▸ **ACTIVITY**: Could you reproduce all of the entries below without a single change?

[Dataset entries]
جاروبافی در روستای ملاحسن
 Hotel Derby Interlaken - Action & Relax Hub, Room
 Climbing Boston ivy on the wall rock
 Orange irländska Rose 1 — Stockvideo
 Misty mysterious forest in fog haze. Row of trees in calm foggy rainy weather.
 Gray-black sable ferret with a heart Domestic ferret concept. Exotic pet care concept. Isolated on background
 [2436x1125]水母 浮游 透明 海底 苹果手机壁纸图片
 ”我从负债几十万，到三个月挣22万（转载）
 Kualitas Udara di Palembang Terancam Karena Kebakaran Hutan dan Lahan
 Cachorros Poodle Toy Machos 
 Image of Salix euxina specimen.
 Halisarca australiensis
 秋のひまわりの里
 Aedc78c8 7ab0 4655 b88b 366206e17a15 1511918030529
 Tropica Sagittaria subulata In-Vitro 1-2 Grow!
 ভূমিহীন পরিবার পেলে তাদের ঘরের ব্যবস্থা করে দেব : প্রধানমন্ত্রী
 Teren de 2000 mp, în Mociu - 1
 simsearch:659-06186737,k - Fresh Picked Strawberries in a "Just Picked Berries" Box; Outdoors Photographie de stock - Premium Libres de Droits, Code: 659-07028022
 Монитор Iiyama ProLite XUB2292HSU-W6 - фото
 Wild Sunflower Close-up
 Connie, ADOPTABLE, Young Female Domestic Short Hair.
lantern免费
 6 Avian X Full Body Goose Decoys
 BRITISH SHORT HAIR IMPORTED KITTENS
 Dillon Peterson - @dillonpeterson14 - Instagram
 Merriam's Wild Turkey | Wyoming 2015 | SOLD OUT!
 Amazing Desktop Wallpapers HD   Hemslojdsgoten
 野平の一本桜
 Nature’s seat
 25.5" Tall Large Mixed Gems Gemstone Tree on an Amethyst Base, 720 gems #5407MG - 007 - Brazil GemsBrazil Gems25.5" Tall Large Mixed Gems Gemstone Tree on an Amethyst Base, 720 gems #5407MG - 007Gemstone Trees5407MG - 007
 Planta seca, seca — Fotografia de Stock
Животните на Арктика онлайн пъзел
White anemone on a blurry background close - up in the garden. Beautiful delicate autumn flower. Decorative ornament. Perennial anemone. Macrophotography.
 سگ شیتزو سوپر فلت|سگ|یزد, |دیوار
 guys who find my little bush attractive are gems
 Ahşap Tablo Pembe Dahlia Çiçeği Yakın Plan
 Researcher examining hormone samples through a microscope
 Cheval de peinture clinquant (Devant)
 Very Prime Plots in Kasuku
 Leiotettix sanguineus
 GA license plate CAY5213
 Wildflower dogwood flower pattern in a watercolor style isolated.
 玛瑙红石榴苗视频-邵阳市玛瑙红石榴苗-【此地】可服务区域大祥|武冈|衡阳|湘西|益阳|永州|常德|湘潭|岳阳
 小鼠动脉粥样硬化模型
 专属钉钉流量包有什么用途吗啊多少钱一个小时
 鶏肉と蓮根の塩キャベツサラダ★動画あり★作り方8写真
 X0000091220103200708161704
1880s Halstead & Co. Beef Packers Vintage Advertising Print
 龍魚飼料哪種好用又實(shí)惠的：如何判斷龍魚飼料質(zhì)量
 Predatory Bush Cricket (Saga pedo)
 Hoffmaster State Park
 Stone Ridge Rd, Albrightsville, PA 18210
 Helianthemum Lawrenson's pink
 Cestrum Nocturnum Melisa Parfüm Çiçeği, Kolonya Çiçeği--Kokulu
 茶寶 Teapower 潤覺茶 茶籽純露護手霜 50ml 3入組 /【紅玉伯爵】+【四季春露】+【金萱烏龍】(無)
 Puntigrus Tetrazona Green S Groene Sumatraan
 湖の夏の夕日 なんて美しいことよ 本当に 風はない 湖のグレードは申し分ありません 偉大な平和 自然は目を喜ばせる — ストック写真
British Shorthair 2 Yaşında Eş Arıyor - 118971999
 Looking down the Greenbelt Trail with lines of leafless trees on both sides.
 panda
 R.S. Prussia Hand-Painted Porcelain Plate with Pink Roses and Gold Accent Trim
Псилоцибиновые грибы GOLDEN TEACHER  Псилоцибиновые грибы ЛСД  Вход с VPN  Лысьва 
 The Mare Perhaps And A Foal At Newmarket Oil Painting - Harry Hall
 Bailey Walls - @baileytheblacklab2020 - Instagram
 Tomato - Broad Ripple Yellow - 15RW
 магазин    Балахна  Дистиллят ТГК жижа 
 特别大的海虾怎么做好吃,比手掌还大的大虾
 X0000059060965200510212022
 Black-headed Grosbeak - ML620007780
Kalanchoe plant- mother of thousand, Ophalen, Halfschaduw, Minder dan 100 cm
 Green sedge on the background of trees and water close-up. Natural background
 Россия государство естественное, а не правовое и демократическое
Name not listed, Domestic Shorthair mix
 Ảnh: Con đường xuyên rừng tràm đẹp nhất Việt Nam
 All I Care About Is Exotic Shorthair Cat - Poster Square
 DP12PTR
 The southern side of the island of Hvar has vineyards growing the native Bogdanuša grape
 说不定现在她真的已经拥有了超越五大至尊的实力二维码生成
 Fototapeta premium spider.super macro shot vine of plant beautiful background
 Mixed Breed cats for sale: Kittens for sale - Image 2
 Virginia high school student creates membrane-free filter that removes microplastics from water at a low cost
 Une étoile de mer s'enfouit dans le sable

▸ **REPLY TO THE TASK**:
جاروبافی در روستای ملاحسن
 Hotel Derby Interlaken - Action & Relax Hub, Room
 Climbing Boston ivy on the wall rock
 Orange irländska Rose 1 — Stockvideo
 Misty mysterious forest in fog haze. Row of trees in calm foggy rainy weather.
 Gray-black sable ferret with a heart Domestic ferret concept. Exotic pet care concept. Isolated on background
 [2436x1125]水母 浮游 透明 海底 苹果手机壁纸图片
 ”我从负债几十万，到三个月挣22万（转载）
 Kualitas Udara di Palembang Terancam Karena Kebakaran Hutan dan Lahan
 Cachorros Poodle Toy Machos 
 Image of Salix euxina specimen.
 Halisarca australiensis
 秋のひまわりの里
 Aedc78c8 7ab0 4655 b88b 366206e17a15 1511918030529
 Tropica Sagittaria subulata In-Vitro 1-2 Grow!
 ভূমিহীন পরিবার পেলে তাদের ঘরের ব্যবস্থা করে দেব : প্রধানমন্ত্রী
 Teren de 2000 mp, în Mociu - 1
 simsearch:659-06186737,k - Fresh Picked Strawberries in a "Just Picked Berries" Box; Outdoors Photographie de stock - Premium Libres de Droits, Code: 659-07028022
 Монитор Iiyama ProLite XUB2292HSU-W6 - фото
 Wild Sunflower Close-up
 Connie, ADOPTABLE, Young Female Domestic Short Hair.
lantern免费
 6 Avian X Full Body Goose Decoys
 BRITISH SHORT HAIR IMPORTED KITTENS
 Dillon Peterson - @dillonpeterson14 - Instagram
 Merriam's Wild Turkey | Wyoming 2015 | SOLD OUT!
 Amazing Desktop Wallpapers HD   Hemslojdsgoten
 野平の一本桜
 Nature’s seat
 25.5" Tall Large Mixed Gems Gemstone Tree on an Amethyst Base, 720 gems #5407MG - 007 - Brazil GemsBrazil Gems25.5" Tall Large Mixed Gems Gemstone Tree on an Amethyst Base, 720 gems #5407MG - 007Gemstone Trees5407MG - 007
 Planta seca, seca — Fotografia de Stock
Животните на Арктика онлайн пъзел
White anemone on a blurry background close - up in the garden. Beautiful delicate autumn flower. Decorative ornament. Perennial anemone. Macrophotography.
 سگ شیتزو سوپر فلت|سگ|یزد, |دیوار
 guys who find my little bush attractive are gems
 Ahşap Tablo Pembe Dahlia Çiçeği Yakın Plan
 Researcher examining hormone samples through a microscope
 Cheval de peinture clinquant (Devant)
 Very Prime Plots in Kasuku
 Leiotettix sanguineus
 GA license plate CAY5213
 Wildflower dogwood flower pattern in a watercolor style isolated.
 玛瑙红石榴苗视频-邵阳市玛瑙红石榴苗-【此地】可服务区域大祥|武冈|衡阳|湘西|益阳|永州|常德|湘潭|岳阳
 小鼠动脉粥样硬化模型
 专属钉钉流量包有什么用途吗啊多少钱一个小时
 鶏肉と蓮根の塩キャベツサラダ★動画あり★作り方8写真
 X0000091220103200708161704
1880s Halstead & Co. Beef Packers Vintage Advertising Print
 龍魚飼料哪種好用又實(shí)惠的：如何判斷龍魚飼料質(zhì)量
 Predatory Bush Cricket (Saga pedo)
 Hoffmaster State Park
 Stone Ridge Rd, Albrightsville, PA 18210
 Helianthemum Lawrenson's pink
 Cestrum Nocturnum Melisa Parfüm Çiçeği, Kolonya Çiçeği--Kokulu
 茶寶 Teapower 潤覺茶 茶籽純露護手霜 50ml 3入組 /【紅玉伯爵】+【四季春露】+【金萱烏龍】(無)
 Puntigrus Tetrazona Green S Groene Sumatraan
 湖の夏の夕日 なんて美しいことよ 本当に 風はない 湖のグレードは申し分ありません 偉大な平和 自然は目を喜ばせる — ストック写真
British Shorthair 2 Yaşında Eş Arıyor - 118971999
 Looking down the Greenbelt Trail with lines of leafless trees on both sides.
 panda
 R.S. Prussia Hand-Painted Porcelain Plate with Pink Roses and Gold Accent Trim
Псилоцибиновые грибы GOLDEN TEACHER  Псилоцибиновые грибы ЛСД  Вход с VPN  Лысьва 
 The Mare Perhaps And A Foal At Newmarket Oil Painting - Harry Hall
 Bailey Walls - @baileytheblacklab2020 - Instagram
 Tomato - Broad Ripple Yellow - 15RW
 магазин    Балахна  Дистиллят ТГК жижа 
 特别大的海虾怎么做好吃,比手掌还大的大虾
 X0000059060965200510212022
 Black-headed Grosbeak - ML620007780
Kalanchoe plant- mother of thousand, Ophalen, Halfschaduw, Minder dan 100 cm
 Green sedge on the background of trees and water close-up. Natural background
 Россия государство естественное, а не правовое и демократическое
Name not listed, Domestic Shorthair mix
 Ảnh: Con đường xuyên rừng tràm đẹp nhất Việt Nam
 All I Care About Is Exotic Shorthair Cat - Poster Square
 DP12PTR
 The southern side of the island of Hvar has vineyards growing the native Bogdanuša grape
 说不定现在她真的已经拥有了超越五大至尊的实力二维码生成
 Fototapeta premium spider.super macro shot vine of plant beautiful background
 Mixed Breed cats for sale: Kittens for sale - Image 2
 Virginia high school student creates membrane-free filter that removes microplastics from water at a low cost
 Une étoile de mer s'enfouit dans le sable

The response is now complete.